Quick: What exactly did George Stephanopoulos do in the Clinton White House? He hosted the daily press briefing for a few months, but he botched the job so badly that Clinton handed the job to Dee Dee Myers. So how did he spend the rest of his tenure?

Don't feel bad if the answer escapes you. Stephanopoulos himself seems confused about what he was supposed to be doing, a problem that has apparently plagued him for years. In 1989, he signed on with Rep. Richard Gephardt (D-Mo.), then the House majority leader. "My new job was as exciting as I expected," he writes, "even though I couldn't explain exactly what it was."

Two years later, he joined the Clinton presidential campaign: "Although my duties were not defined with precision, I didn't press for clarification." After victory, the Clintons told him that he would have a place in their White House, and that he would keep on doing what he did in the campaign. "Exactly what they meant would be worked out later," he writes. "For the moment, it was just nice to hear." When Clinton dragged him from the briefing room, he says, "my new title was the nebulous 'senior adviser for policy and strategy.' Only time would tell what it would mean." Clinton reassured Stephanopoulos that he wanted him by his side, but when Leon Panetta became chief of staff, fears of unemployment strafed his mind, "which meant that I needed a job description beyond 'by my side.' "

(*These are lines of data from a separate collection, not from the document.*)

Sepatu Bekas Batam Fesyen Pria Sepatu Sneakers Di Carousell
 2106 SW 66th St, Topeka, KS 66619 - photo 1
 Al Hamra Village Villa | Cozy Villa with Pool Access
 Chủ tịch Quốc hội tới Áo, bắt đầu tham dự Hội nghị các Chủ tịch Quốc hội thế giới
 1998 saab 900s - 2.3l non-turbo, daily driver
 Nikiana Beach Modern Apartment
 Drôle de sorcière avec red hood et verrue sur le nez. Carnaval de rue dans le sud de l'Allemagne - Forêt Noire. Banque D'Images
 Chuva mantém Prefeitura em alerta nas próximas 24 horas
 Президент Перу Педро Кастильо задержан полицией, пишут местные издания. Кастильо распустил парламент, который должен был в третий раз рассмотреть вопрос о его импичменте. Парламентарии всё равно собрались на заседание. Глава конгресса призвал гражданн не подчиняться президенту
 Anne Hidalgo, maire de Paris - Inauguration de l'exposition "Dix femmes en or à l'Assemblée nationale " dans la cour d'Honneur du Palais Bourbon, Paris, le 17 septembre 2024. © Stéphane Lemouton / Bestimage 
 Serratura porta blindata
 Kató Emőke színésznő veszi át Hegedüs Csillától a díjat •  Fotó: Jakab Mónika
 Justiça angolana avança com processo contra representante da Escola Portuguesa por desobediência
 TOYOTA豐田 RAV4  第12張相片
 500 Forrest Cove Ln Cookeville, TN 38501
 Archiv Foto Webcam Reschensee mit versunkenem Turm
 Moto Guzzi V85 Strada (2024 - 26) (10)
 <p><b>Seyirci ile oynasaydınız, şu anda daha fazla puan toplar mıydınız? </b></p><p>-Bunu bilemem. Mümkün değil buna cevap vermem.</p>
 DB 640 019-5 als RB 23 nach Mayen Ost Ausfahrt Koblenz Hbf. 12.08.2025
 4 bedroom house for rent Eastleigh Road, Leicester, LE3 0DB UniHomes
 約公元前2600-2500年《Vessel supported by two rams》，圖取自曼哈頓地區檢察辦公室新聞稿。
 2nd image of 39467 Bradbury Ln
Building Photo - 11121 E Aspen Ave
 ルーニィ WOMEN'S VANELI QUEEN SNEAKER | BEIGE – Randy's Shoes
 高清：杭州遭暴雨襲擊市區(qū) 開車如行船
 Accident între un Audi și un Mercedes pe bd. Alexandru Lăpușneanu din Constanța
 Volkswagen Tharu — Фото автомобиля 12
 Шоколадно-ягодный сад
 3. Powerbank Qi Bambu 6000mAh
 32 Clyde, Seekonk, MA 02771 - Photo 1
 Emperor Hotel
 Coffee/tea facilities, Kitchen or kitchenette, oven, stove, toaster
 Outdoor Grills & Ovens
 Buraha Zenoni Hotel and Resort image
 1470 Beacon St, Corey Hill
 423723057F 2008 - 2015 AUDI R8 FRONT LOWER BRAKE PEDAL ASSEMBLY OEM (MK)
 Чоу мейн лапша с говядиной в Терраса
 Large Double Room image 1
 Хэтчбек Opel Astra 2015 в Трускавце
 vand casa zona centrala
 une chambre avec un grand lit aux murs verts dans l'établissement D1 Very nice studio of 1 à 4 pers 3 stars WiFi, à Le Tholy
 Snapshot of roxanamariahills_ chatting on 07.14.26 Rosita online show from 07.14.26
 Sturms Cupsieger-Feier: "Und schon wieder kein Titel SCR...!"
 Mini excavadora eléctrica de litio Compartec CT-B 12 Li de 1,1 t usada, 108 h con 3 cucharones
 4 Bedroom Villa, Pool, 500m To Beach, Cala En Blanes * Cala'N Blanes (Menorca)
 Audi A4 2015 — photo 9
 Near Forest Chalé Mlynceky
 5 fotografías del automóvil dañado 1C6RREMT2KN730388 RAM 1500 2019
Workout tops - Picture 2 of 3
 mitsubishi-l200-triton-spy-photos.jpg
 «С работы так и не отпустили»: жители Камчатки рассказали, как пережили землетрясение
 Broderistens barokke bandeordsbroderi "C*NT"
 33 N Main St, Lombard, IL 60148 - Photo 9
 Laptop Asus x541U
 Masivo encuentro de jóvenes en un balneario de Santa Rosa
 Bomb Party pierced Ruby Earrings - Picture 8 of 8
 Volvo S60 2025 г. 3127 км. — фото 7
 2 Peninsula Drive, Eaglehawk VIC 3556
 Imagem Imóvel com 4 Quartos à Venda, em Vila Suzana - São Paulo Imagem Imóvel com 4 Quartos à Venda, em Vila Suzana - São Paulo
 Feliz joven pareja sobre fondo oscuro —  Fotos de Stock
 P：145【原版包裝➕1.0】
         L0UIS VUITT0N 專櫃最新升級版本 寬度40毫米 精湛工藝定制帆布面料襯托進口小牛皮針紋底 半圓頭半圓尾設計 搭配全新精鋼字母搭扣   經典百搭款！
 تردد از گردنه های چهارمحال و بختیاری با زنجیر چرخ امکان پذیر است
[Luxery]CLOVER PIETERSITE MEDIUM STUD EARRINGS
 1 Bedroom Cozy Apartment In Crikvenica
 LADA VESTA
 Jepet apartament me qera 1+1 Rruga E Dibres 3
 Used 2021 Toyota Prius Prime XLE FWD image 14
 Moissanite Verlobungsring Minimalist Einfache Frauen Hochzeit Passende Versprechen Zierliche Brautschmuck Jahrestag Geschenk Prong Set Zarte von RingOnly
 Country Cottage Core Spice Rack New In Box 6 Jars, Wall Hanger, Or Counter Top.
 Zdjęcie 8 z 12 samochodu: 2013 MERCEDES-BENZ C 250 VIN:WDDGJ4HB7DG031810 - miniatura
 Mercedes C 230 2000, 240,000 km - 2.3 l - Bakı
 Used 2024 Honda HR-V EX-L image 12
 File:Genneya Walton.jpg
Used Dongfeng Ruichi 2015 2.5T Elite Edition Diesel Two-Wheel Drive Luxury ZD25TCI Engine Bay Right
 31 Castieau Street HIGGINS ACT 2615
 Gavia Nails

All too typical. Washington teems with young people sporting such titles as "assistant," "deputy," and "liaison," all of them hoping to become George Stephanopoulos. They spend 60-hour weeks churning out "policy initiatives" and writing frantic memoranda on "damage control," never reflecting that most of the damage comes from all those initiatives. If they'd all just go home, the government would shrink, the storm would clear, and their mental health would improve. Instead, they settle for Band-Aids: Stephanopoulos grew a beard to cover the stress-induced hives on his chin.

It wasn't just the workload that was making him tense. Anybody in the Clinton White House ran a high risk of legal trouble, and Stephanopoulos was no exception. During the Whitewater probe, he griped to a Treasury official about a Resolution Trust Corporation investigator's GOP connections, wondering aloud if there was a way to fire him. Unknown to Stephanopoulos, the official was keeping a diary, which later fell into the hands of the Office of the Independent Counsel and the Senate Banking Committee. The journal entry did not show any criminal wrongdoing, Stephanopoulos says, but it did cause him some tense and embarrassing moments.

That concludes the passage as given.